CHICAGO -- An embarrassing season for the Chciago Cubs got even more humbling as they were pushed around in the ninth inning of a 14-5 defeat to the Milwaukee Brewers.

Newcomer Alex Hinshaw and rookie Lendy Castillo were hit so hard in the final inning that manager Dale Sveum turned over the pitching duties to infielder/outfielder Joe Mather, making him the definition of a super sub.

Cubs/Brewers
Ryan Braun hit one off three ninth-inning homers allowed by the Cubs' Alex Hinshaw.
When the dust cleared, the Brewers had buried the Cubs under the weight of nine ninth-inning runs, turning a close game into a laugher between the division rivals.

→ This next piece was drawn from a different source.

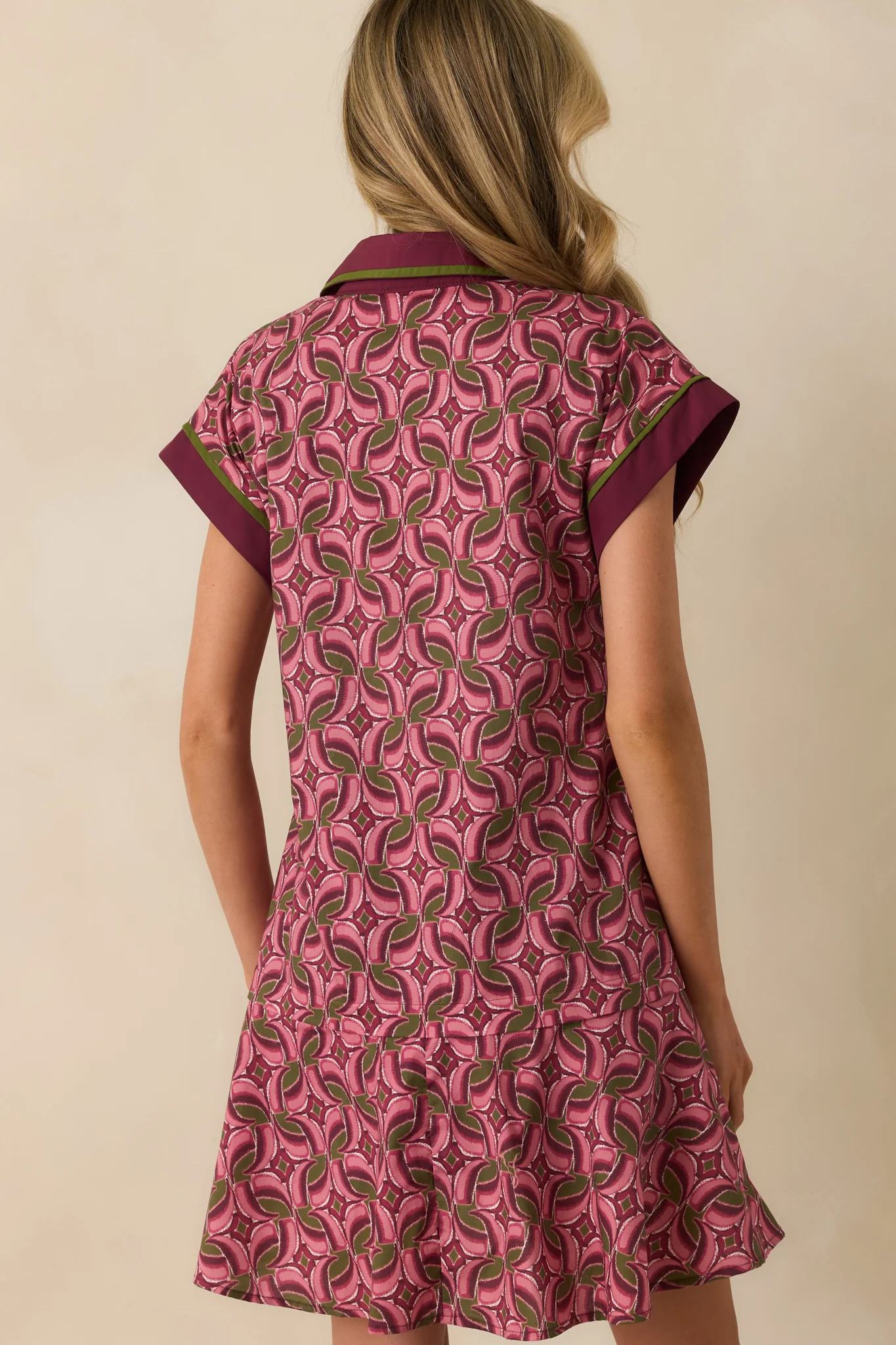 Always Knew It Light Mauve Geometric Print Cotton Mini Dress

Mather gave up an RBI single in the ninth inning, but did manage to record the last out. Hinshaw couldn’t even say that as he gave up three consecutive home runs at one point while allowing five runs without retiring a batter.

“Obviously it’s never what you want to do,” said Mather, who had a two-inning pitching appearance for the Cardinals in 2010 during a lengthy extra-inning game. “You don’t want to have to come in and pitch. I know Dale doesn’t want to have somebody come in and throw like that. It’s just an unfortunate thing you have to do and tonight we got out of it pretty quick.”

Mather faced just two batters while throwing a slow-motion fastball and a lollipop curveball. All four of his pitches were for strikes. The right-hander arrived to the mound with a smirk on his face, as a way to acknowledge the awkward situation, but afterward in a somber clubhouse nobody was laughing.

Mather was asked if it was cruel for a team that is having such a long season had to go through an evening like that.

“In a way,” he said. “I never want to go out there and have to throw, especially in the circumstance we did. If I go out and throw, a position player goes out and throws, hopefully it’s a 20-inning game where it’s a close game. It was fine. It was nice to help the team out.”

The issues weren’t just confined to the ninth inning, though. Much improved infielders Starlin Castro and Darwin Barney had their issues as Castro made two errors and Barney’s footwork was out of sync on one double-play attempt.

“I’ll address it but it isn’t because we lost by that score,” Sveum said.

Rookie Brett Jackson did manage to hit his fourth home run in nine days, but that was lost in the shuffle by the time it was over.

“We win and lose as a team,” Jackson said. “Everyone feels that. Everyone felt that long inning and everyone feels this loss. Obviously it’s tougher for those guys that were on the mound just as it was tough for those guys in the field. We’ll pick each other up tomorrow. We’re going to have fun with this series. In baseball you always have tomorrow.”